What the exercise asks » Ignoring the pictures, copy the data exactly.

(Image-backed grounding data)
==================================================
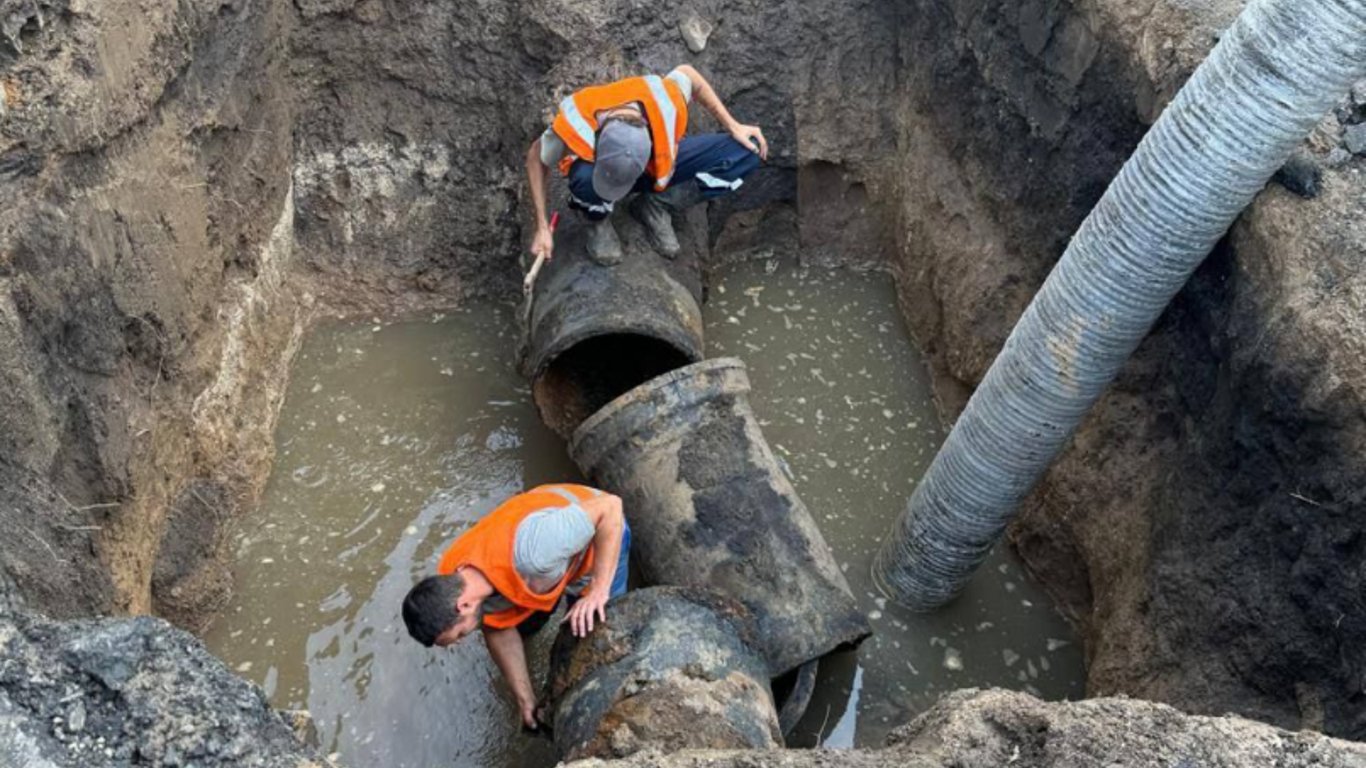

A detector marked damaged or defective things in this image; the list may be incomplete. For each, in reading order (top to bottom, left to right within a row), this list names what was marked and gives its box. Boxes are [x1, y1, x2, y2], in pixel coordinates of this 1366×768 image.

rusted metal surface [513, 221, 704, 437]
large rusty pipe [519, 224, 704, 440]
large rusty pipe [568, 355, 868, 672]
broken pipe section [568, 355, 868, 672]
rusted metal surface [570, 355, 868, 672]
rusted metal surface [543, 584, 781, 759]
large rusty pipe [543, 584, 781, 759]
broken pipe section [543, 584, 781, 759]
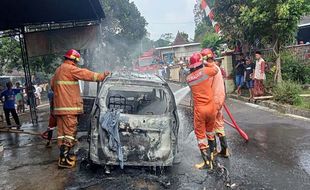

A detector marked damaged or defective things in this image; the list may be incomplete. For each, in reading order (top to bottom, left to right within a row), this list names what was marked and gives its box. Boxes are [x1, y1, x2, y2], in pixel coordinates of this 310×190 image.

burned car [78, 73, 178, 167]
charred car body [80, 73, 179, 167]
burned car interior [107, 85, 170, 115]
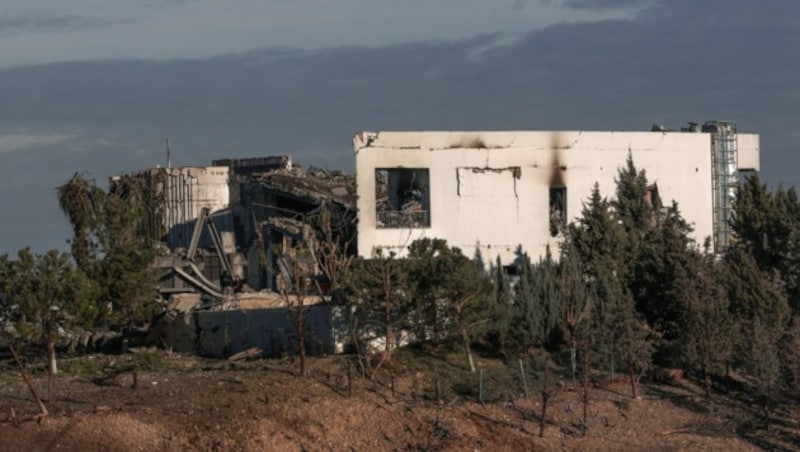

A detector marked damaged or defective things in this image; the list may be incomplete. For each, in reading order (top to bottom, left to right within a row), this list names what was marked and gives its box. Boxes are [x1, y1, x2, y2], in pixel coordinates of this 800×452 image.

damaged white building [354, 122, 760, 264]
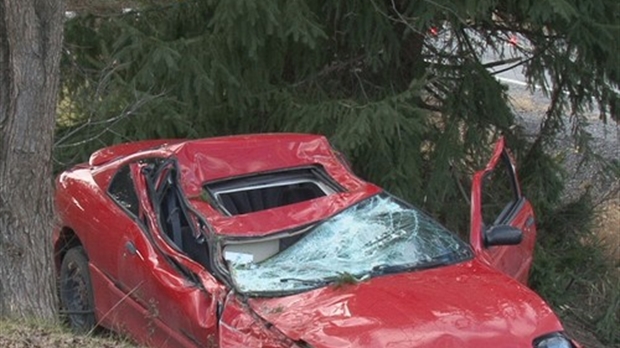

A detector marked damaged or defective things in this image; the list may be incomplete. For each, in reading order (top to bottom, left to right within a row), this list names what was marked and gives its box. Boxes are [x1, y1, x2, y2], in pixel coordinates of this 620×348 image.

wrecked red car [54, 133, 580, 346]
shattered windshield [225, 194, 472, 294]
broken glass [225, 194, 472, 294]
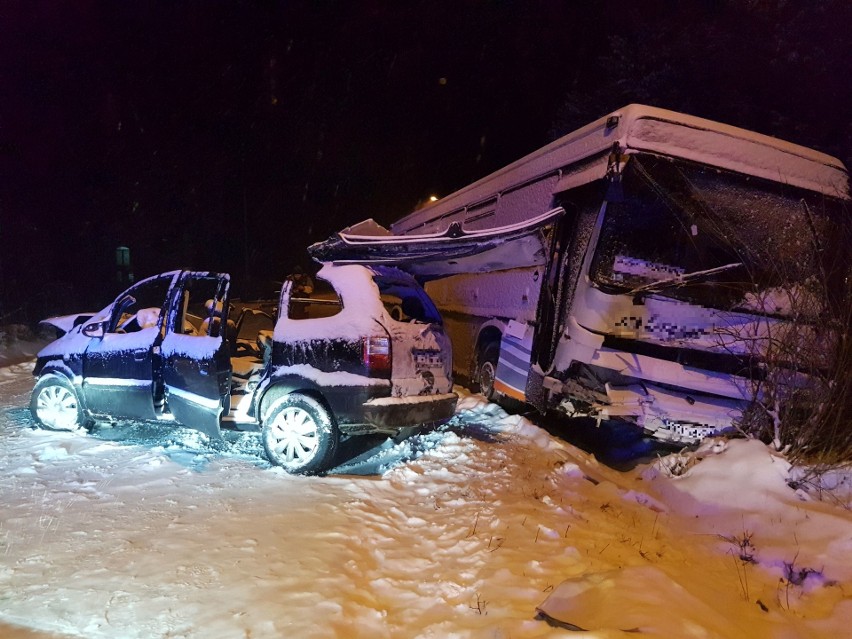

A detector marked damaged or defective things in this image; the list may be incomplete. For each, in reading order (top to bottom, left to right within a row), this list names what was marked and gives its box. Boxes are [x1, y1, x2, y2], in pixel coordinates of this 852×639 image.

damaged small car [31, 262, 460, 472]
crashed bus [314, 105, 852, 444]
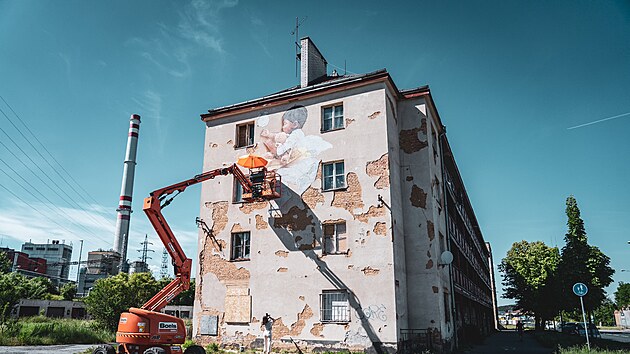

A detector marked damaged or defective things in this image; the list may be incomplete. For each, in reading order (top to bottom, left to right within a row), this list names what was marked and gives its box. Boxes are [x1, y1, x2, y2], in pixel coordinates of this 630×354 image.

peeling plaster wall [195, 83, 398, 352]
peeling plaster wall [400, 97, 454, 340]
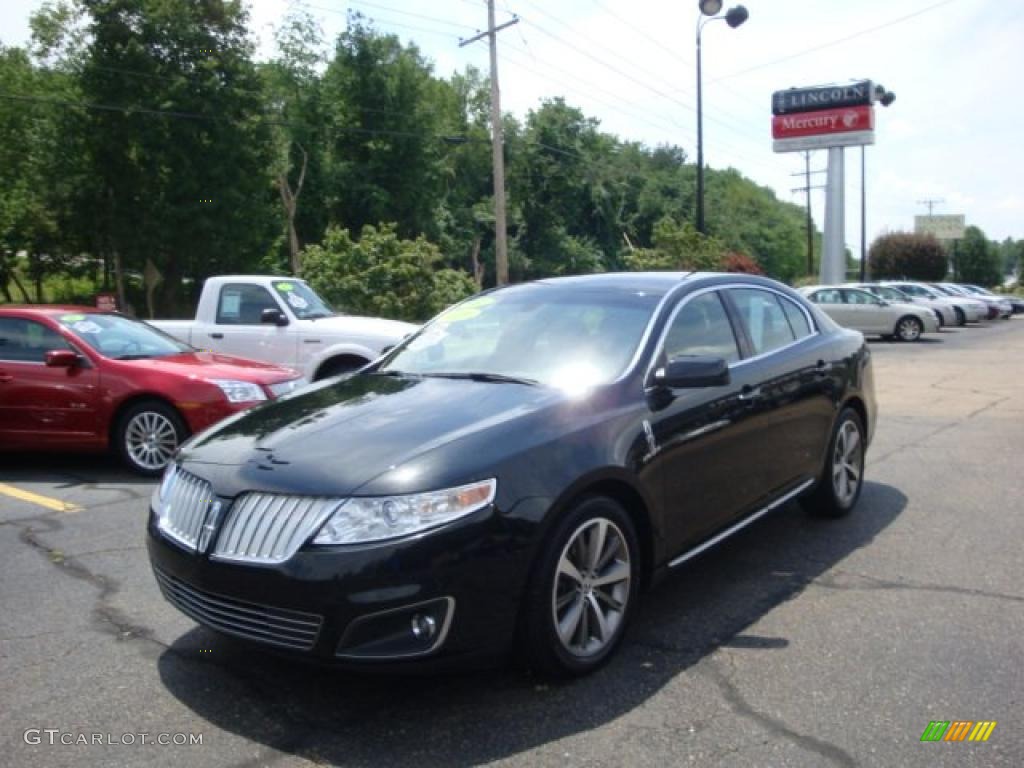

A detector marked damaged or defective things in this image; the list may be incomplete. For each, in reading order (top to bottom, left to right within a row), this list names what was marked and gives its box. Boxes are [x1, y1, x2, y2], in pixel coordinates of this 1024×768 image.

pavement crack [704, 655, 856, 768]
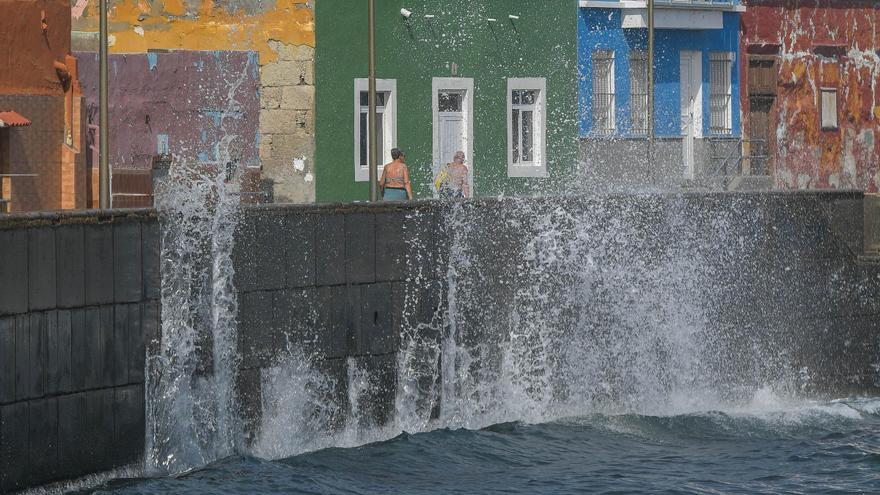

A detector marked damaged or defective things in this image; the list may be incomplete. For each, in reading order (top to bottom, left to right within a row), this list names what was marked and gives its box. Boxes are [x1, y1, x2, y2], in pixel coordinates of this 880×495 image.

peeling plaster wall [76, 50, 258, 170]
peeling plaster wall [71, 0, 316, 202]
peeling plaster wall [744, 0, 880, 192]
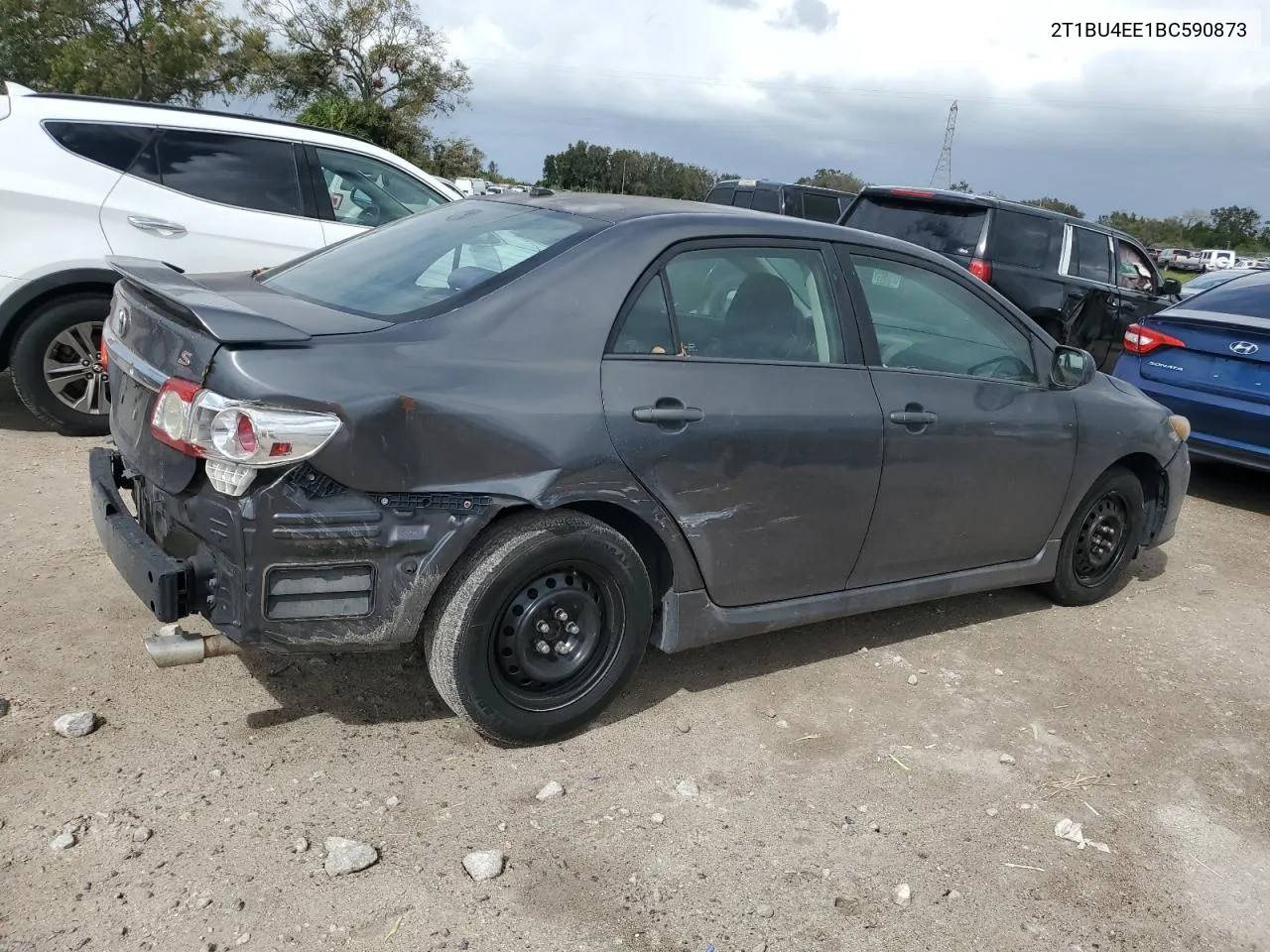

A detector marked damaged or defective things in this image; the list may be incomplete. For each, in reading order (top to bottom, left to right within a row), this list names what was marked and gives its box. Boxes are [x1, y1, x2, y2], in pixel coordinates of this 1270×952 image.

damaged rear bumper [87, 446, 495, 654]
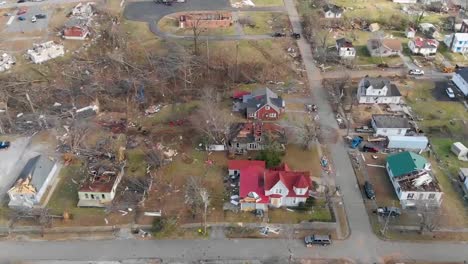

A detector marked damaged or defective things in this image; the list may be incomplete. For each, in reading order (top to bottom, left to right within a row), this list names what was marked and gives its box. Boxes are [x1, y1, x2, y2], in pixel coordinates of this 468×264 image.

damaged house [27, 41, 65, 64]
damaged house [233, 87, 286, 120]
damaged house [227, 122, 286, 155]
damaged house [7, 155, 59, 208]
damaged house [79, 162, 126, 207]
damaged house [229, 160, 312, 211]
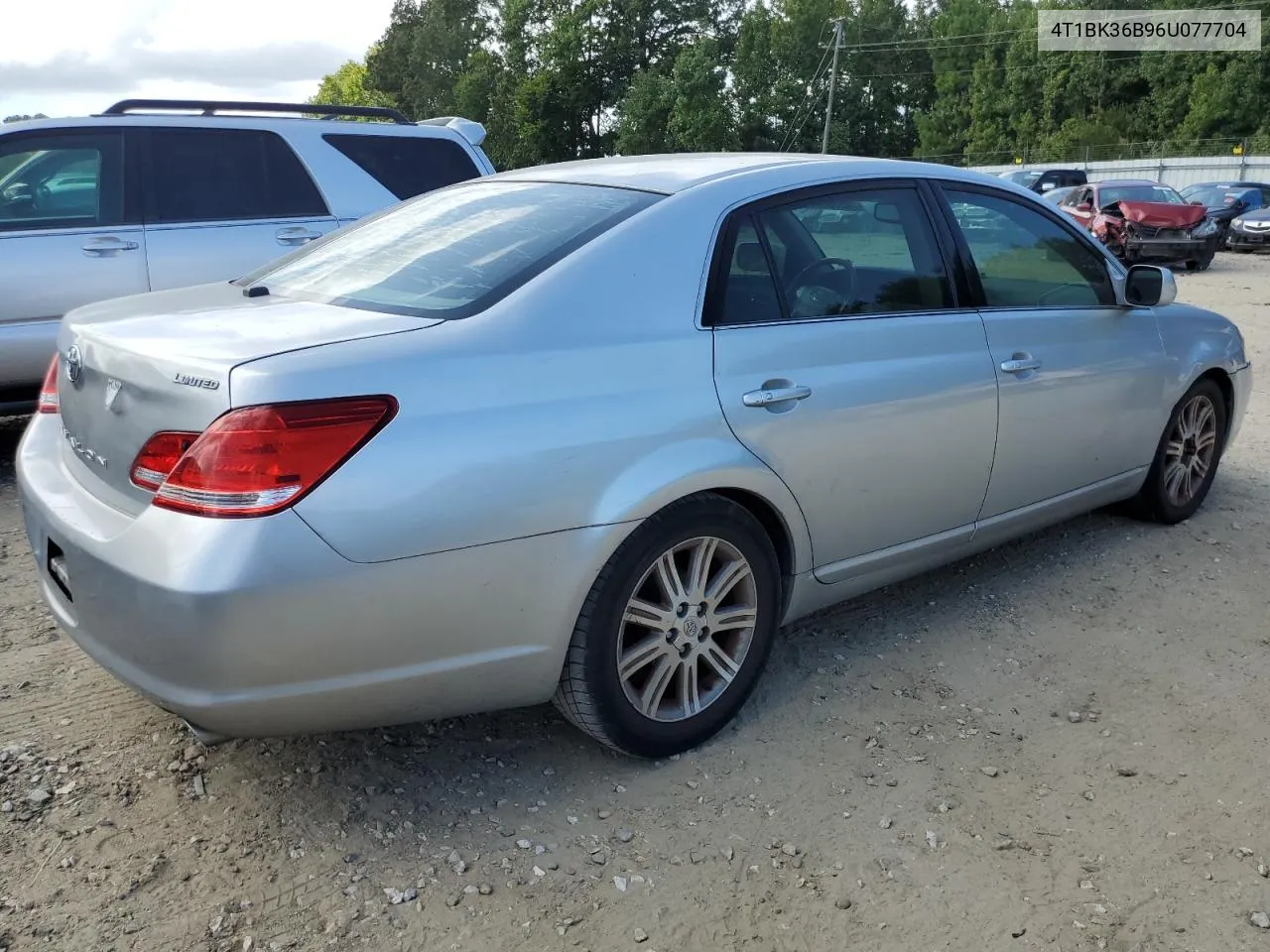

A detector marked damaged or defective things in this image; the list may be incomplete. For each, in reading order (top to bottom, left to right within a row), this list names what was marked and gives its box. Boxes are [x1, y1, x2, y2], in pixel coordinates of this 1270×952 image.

red damaged car [1051, 179, 1218, 270]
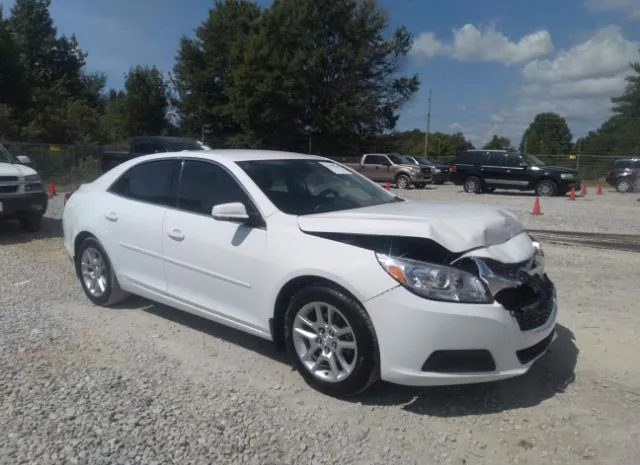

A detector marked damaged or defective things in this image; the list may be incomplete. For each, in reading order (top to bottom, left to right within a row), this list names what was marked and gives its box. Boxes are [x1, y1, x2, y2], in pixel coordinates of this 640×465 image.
==================================================
Finished task »
A detector marked damaged or defective things in this image; the list may be incomplete. For each, in reading order (top to bottom, left to right within a row), this list names what was marked and gives its box. Boxes are [x1, y1, x2, y2], in pixel coordinates of this 1366×768 image.

rusted metal surface [513, 221, 704, 437]
large rusty pipe [519, 224, 704, 440]
large rusty pipe [568, 355, 868, 672]
broken pipe section [568, 355, 868, 672]
rusted metal surface [570, 355, 868, 672]
rusted metal surface [543, 584, 781, 759]
large rusty pipe [543, 584, 781, 759]
broken pipe section [543, 584, 781, 759]

A detector marked damaged or defective things in this image; the list may be incomplete. For each, in reading order (top to bottom, left to right within a row), this list names what was marked and gives its box. Boxes are [x1, y1, x2, y2], in pixel coordinates of this 310×190 image.

burned car [78, 73, 178, 167]
charred car body [80, 73, 179, 167]
burned car interior [107, 85, 170, 115]

A detector marked damaged or defective things in this image; the list may be incomplete. For each, in reading order (top to bottom, left to right within a row), this list names what was marked and gives its box. Boxes are [x1, y1, x2, y2], in pixel coordinates of this 800×452 image.

damaged white building [354, 122, 760, 264]

A detector marked damaged or defective things in this image; the list may be incomplete. For each, in reading order (top to bottom, left to right within a row), this list names what was marked and gives its box. Boxes are [x1, y1, x2, y2], in pixel coordinates of this 620×348 image.

wrecked red car [54, 133, 580, 346]
shattered windshield [225, 194, 472, 294]
broken glass [225, 194, 472, 294]

A detector marked damaged or defective things in this image; the list may be incomplete. For each, in reading order (top to bottom, left to right within a row), this list names what was marked and gives its box. Boxes are [x1, y1, x2, y2], in pixel coordinates of this 852×639 image.

damaged small car [31, 262, 460, 472]
crashed bus [314, 105, 852, 444]

A detector marked damaged or defective things in this image; the list may be incomplete. For each, in reading order (top to bottom, left to right within a row), this list names what was marked and gives its box. Boxes are [x1, y1, x2, y2], in pixel coordinates of this 630×354 image.

peeling plaster wall [195, 83, 398, 352]
peeling plaster wall [400, 97, 454, 340]

A detector marked damaged or defective things in this image; the list may be incomplete. For each, in reading order (top to bottom, left to right within a row), this list names what was marked and gives its box. Boxes are [x1, y1, x2, y2], in pixel coordinates of this 1024×768 image.

pavement crack [704, 655, 856, 768]

A detector marked damaged or defective things in this image; the list may be incomplete. For each, in reading order (top to bottom, left to right within a row), this list names what was marked and gives its box. Boxes are [x1, y1, x2, y2], in pixel coordinates of this 880×495 image.

peeling plaster wall [76, 50, 258, 170]
peeling plaster wall [71, 0, 316, 202]
peeling plaster wall [744, 0, 880, 192]

A detector marked damaged or defective things in this image; the list may be incomplete. For each, in reading order (top to bottom, left to right within a row), this list names what was marked and gives its box. Boxes are [x1, y1, x2, y2], in pixel coordinates of this 1270×952 image.

damaged rear bumper [87, 446, 495, 654]

A detector marked damaged or defective things in this image; the list may be incomplete. For each, in reading order (top to bottom, left to right within a row), this list names what was marked and gives its box. Boxes are [x1, y1, x2, y2], in pixel coordinates of this 468×264 image.

damaged house [27, 41, 65, 64]
damaged house [233, 87, 286, 120]
damaged house [227, 122, 286, 155]
damaged house [7, 155, 59, 208]
damaged house [79, 162, 126, 207]
damaged house [229, 160, 312, 211]

A detector marked damaged or defective things in this image; the list may be incomplete. For each, in reading order (top to bottom, left to right within a row), this list names what was marked and gives its box. Boxes are [x1, y1, x2, y2], in pixel coordinates of this 1270×952 image.

red damaged car [1051, 179, 1218, 270]

A detector marked damaged or defective things in this image; the list may be incomplete. For each, in reading order (top to bottom, left to right within a row), this list names what was marked and gives its box. Boxes are [x1, y1, x2, y2], in pixel coordinates of this 640×465 image.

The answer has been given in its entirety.